Which probably slots me as a philistine.
A month back we were discussing this on the Finely Chopped facebook page when I put up a bite of mine which came on the wine pairing with food in the Mid Day, coincidentally I am told, a couple of days before the Neel event.
Some of the discussion that followed was interesting.
Sue who spent a few years in Australia, after England, before moving into Bandra, had this to say:
“Nicely said! It’s a shame that in India we seem to have taken the wine culture from Europe and not Aus. In Aus it is far less stuffy… less about using the right words to describe the wine and more about actually drinking it (and Aussies also don’t believe in spitting out the wine at a wine tasting which I am totally in to!) Saying all of this… I would very rarely pair a really good red wine with anything even a little spicy! (KK: a point Chef Akerkar stressed too…keep the chillies down for wine)
Indian wine often gives me a headache too – not sure what chemicals/processes are used here, but more than I am used to with new world wines most certainly.

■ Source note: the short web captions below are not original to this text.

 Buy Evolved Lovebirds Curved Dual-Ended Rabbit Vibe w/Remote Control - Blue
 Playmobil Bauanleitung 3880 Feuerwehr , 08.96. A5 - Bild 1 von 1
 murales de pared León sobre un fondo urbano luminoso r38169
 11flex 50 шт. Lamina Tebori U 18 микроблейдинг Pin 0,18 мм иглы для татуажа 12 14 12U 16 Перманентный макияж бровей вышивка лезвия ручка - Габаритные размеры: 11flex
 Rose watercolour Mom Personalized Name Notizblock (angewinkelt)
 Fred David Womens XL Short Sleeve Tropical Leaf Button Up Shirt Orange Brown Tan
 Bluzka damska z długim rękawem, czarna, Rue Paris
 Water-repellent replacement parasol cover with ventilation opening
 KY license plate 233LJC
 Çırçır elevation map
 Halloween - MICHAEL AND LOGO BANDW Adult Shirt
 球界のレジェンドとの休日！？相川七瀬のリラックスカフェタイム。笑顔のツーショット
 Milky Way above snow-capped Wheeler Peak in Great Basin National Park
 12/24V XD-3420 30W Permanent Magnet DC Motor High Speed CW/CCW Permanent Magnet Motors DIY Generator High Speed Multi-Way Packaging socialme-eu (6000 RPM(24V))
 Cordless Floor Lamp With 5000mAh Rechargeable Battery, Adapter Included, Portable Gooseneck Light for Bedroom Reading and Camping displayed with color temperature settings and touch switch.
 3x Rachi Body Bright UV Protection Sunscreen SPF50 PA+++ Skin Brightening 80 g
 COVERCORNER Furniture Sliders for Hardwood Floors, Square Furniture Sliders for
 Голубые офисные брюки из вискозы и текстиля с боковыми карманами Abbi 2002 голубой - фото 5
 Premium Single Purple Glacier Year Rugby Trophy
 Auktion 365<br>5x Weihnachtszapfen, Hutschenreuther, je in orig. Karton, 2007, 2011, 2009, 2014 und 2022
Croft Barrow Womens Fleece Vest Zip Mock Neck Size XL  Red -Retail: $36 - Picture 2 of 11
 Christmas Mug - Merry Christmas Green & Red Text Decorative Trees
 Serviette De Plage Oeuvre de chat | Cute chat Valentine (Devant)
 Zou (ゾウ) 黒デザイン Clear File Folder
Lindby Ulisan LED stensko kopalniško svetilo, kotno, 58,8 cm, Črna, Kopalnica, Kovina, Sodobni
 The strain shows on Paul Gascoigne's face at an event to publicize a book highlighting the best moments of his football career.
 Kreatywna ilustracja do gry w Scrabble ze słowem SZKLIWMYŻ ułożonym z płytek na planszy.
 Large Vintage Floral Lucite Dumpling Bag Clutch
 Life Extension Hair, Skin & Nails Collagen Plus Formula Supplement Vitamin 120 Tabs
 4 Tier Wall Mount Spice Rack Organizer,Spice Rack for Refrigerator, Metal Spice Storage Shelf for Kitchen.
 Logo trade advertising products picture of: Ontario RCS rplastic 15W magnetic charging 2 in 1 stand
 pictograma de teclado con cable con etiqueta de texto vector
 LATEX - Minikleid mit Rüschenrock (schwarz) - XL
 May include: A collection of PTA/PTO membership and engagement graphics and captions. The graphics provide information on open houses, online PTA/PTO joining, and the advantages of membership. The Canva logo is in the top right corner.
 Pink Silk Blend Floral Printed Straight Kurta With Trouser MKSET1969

Other problem in India that keeps wine as a snobbier thing is the price of course … I can have a very good bottle in Aus for about the same price that I have to pay for a bottle of mouth-wash plonk here… We had an NZ white with quite a heavy dish at Ziya a few weeks back and it worked wonderfully so yes, agree with you @ Kalyan Karmakar that it can work with Indian food – just think you have to be a little more selective.”
Sue seemed to hint that the wine drinking culture in Australia is similar to probably the beer drinking one here.
Well, when was the last time that you wanted to hang out with your friends after work and reached out for a chilled red instead a chilled lager?
In the same discussion Anurag Mehrotra, who seems to know his food, made a very telling point when he said “Personally, I think in India we don’t have a culture of drinking with our food. Alcohol is consumed in copious quantities before dinner with finger foods.”
Going by this one could argue that wine doesn’t sit well with ‘Indian culture’ if you get what I mean.
Which is when one begins to feel a bit sympathetic towards folks who are trying to enlighten us to wine.
But then go ahead, make your own choice, don’t get influenced by what you read here, I am after all the guy who once got bored at a wine tasting and asked for a single malt.
Stereotypical.
i took some wine classes back in college.. my professor who is quite a hot shot told me not a lot of wine goes with Indian food and she also said that whole tongue taste area theory that is bandied around is bunk !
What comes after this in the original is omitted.